Cain Kerner: [00:08:34] Number two, in order to lead the orchestra, you must turn your back to the audience.

Tony Kaizen: [00:08:41] In order to lead the orchestra, you must be willing to turn your back to the audience. I actually had to think about this one for a second after I heard it. I even searched on the Internet just to make sure I understood what it really meant. And what I understand now when he says this, first of all, let me explain the language because 'an orchestra'... A rough definition, I don't have the dictionary in front of me, but a basic definition of 'an orchestra' is a group of musicians that are all playing what we call 'string instruments'. String instruments are instruments that are played with strings like the guitar, the violin, the cello.
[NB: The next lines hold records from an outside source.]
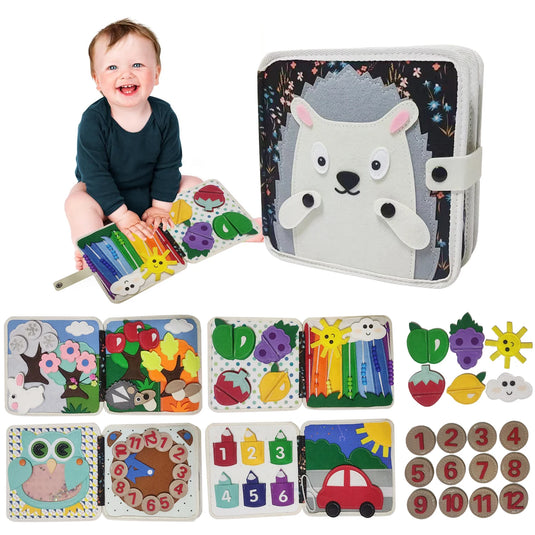 Children's baby Early Education Intelligence Learning baby Toys Felt Learning Board, Busy Board, Busy Book, Cloth Book, Including Life Skills, Alphabet, Numbers, Shapes Colors, Animals, Weather, Toddler Travel Toys, Birthday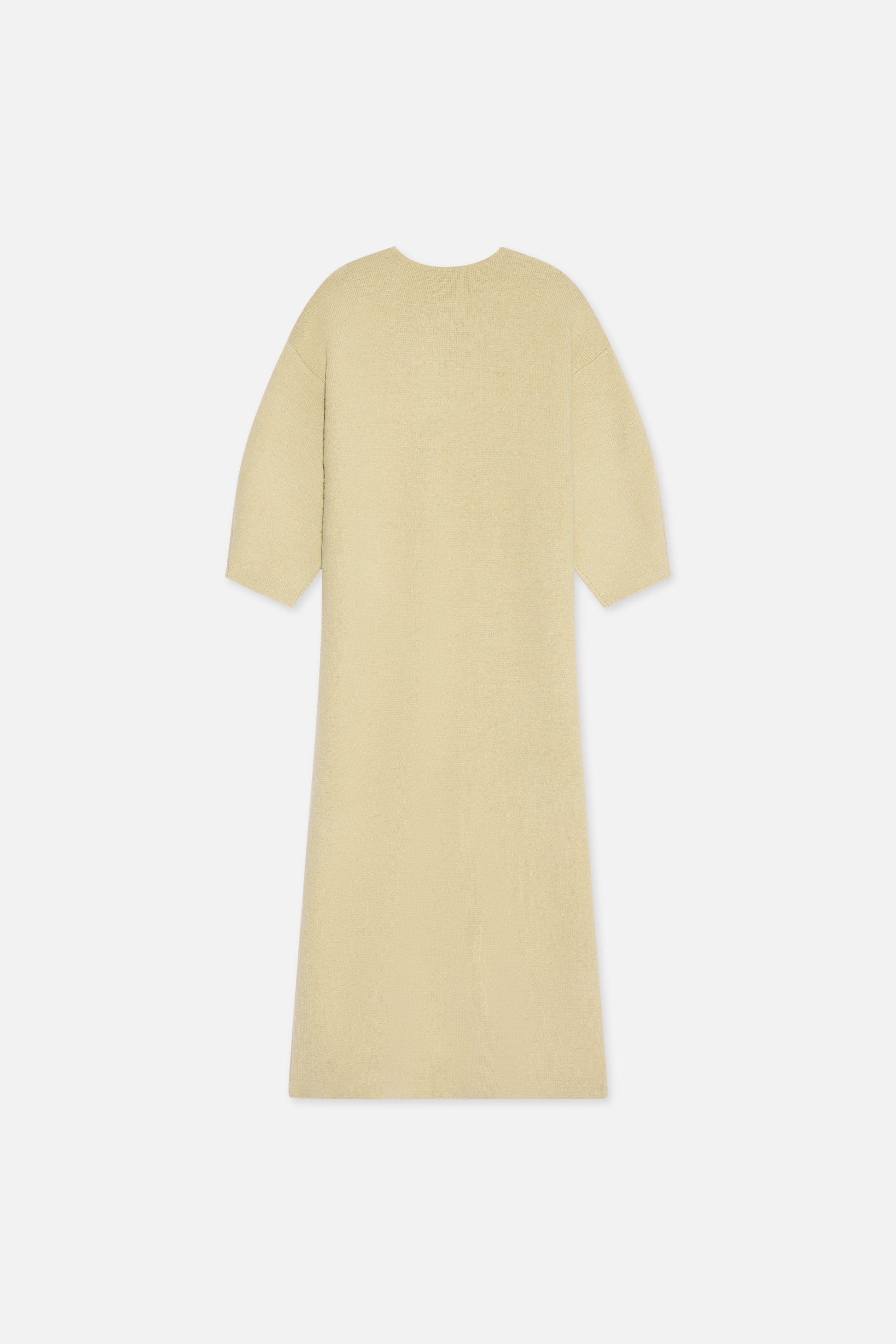 Robe à col en V en tricot brossé | Argile du désert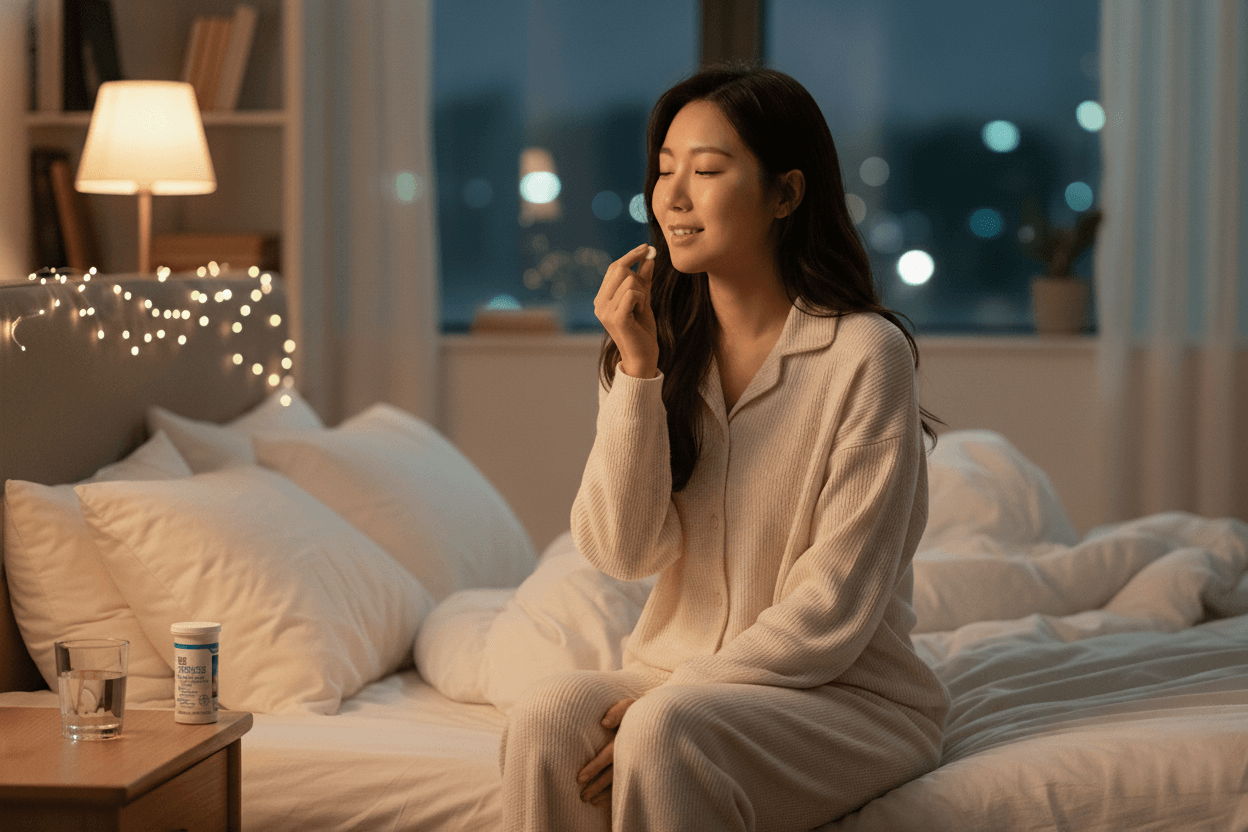 따뜻한 조명 아래 침실에서 파자마를 입은 한국인 여성이 잠들기 전 침대에 앉아 구강 유산균 정제를 입에 넣으려는 편안한 장면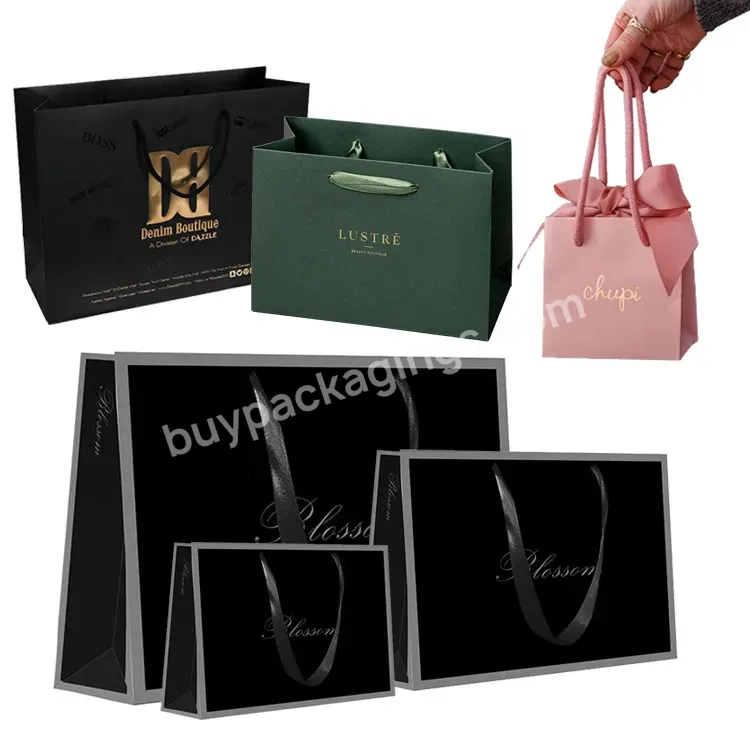 Luxury Ribbon Handle Boutique Shopping Clothing Packaging Customized Printed Euro Tote Paper Gift Bags With Logo - Buy Paper Shopping Bags,Shopping Bags With Logos,Boutique Shopping Bags.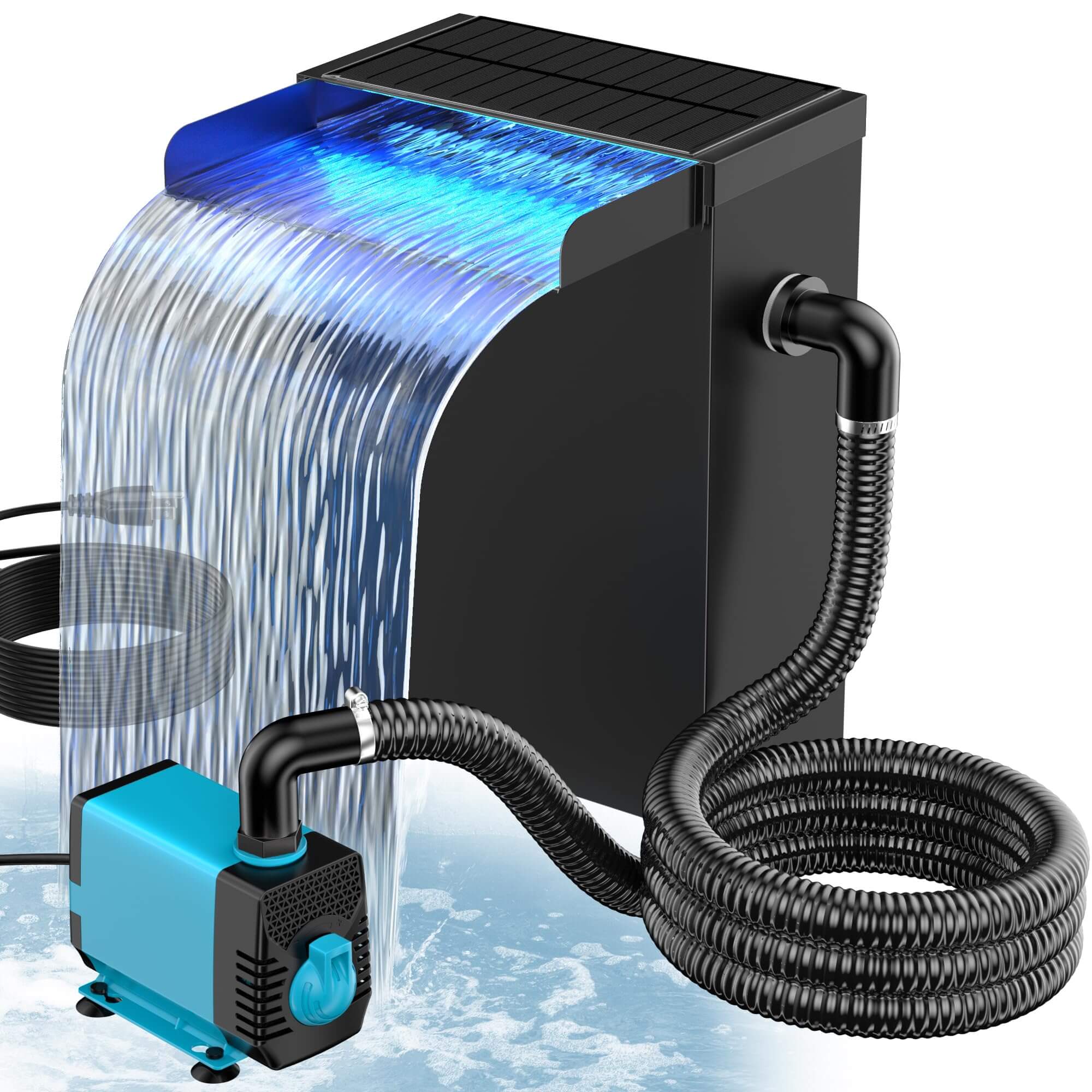 40W 660GPH Electric Waterfall Pump Kit with 8"x13.4" Spillway (LED)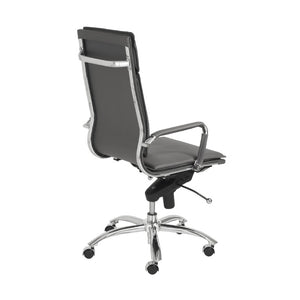 EuroStyle Gunar Pro Executive Leatherette Chair with Chrome Base and Adjustable Knee Tilt Gray 25 D x 23 W x 46 H 01264GRY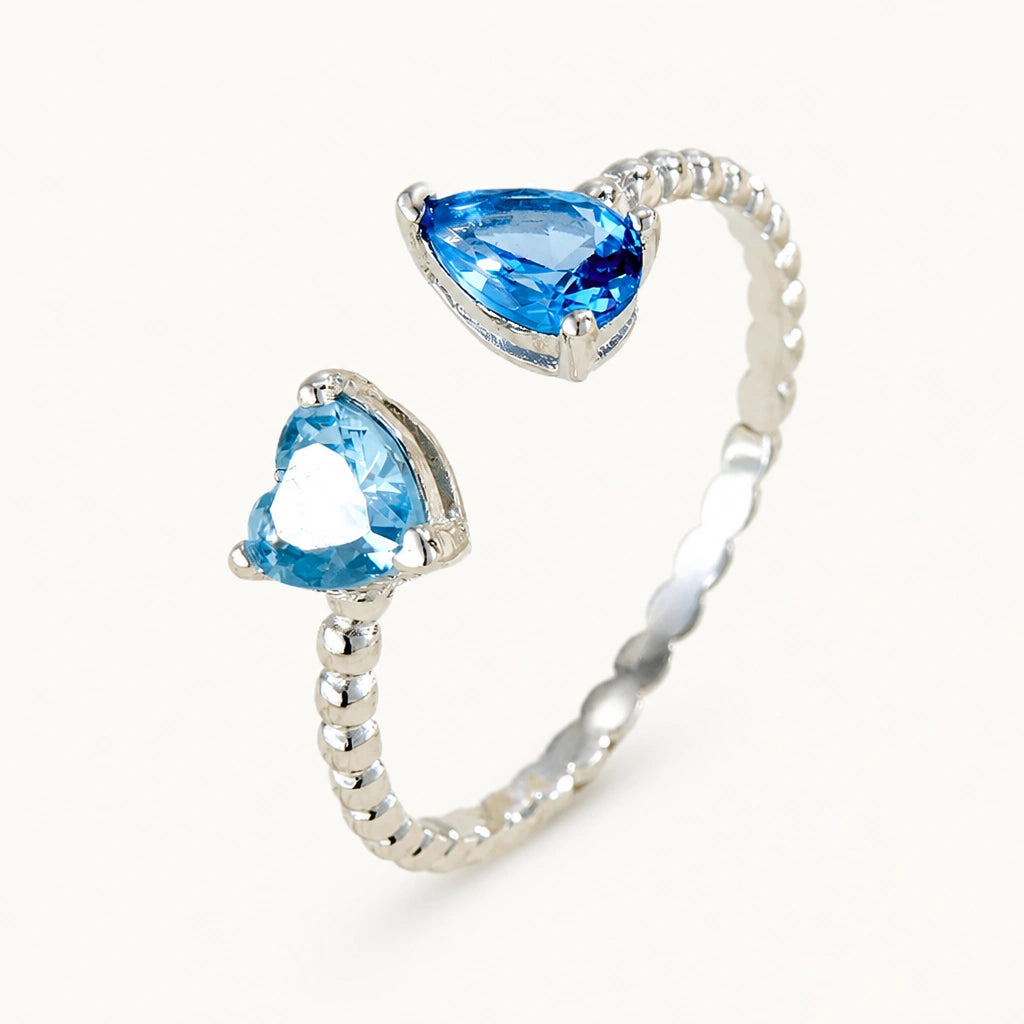 Offener Ring mit Aquamarin aus 925er Silber mit zwei tropfenförmigen Steinen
There's a bunch of other ones I'm not familiar with, but you get the point. 

[00:09:26] Instruments like that where you play them with strings, and then an orchestra is typically like violins and cellos, violas. And I don't know the names of the other ones, but you've seen that before, at least on TV or maybe in a theater, a giant group of people playing these instruments and they're playing like classical music or something like that. That's an orchestra. So in order to lead the orchestra, the band leader, it's not a band, it's an orchestra. But the leader, the one that's conducting the show, that's one that's instructing and guiding the entire orchestra. Right? That person at the front. In order to be able to do their job, they had to turn their back to the audience. Literally. Literally. They have to look at the orchestra and lead them and not look at the audience and focus on what the audience is saying or doing or thinking.

[00:10:14] So if you take that and think about it metaphorically you can apply that really to anything in life, whether you're the boss at a business or the team or the team captain, or even just in your personal life. You understand? So let's, let's just use your life, for example. I feel like that's universal. The orchestra in this case would also be you. You're, you're both the orchestra leader and the orchestra itself. Maybe that doesn't make sense, but just follow me for a second. You are responsible for yourself. Let's put it that way. And in order to live your life. In order to achieve what you really want to achieve, especially if it's something that's less than traditional. Maybe you want to travel the world for a couple of years when everybody else expects you to go to college. Everybody else expects you to get a 9 to 5 job or something. 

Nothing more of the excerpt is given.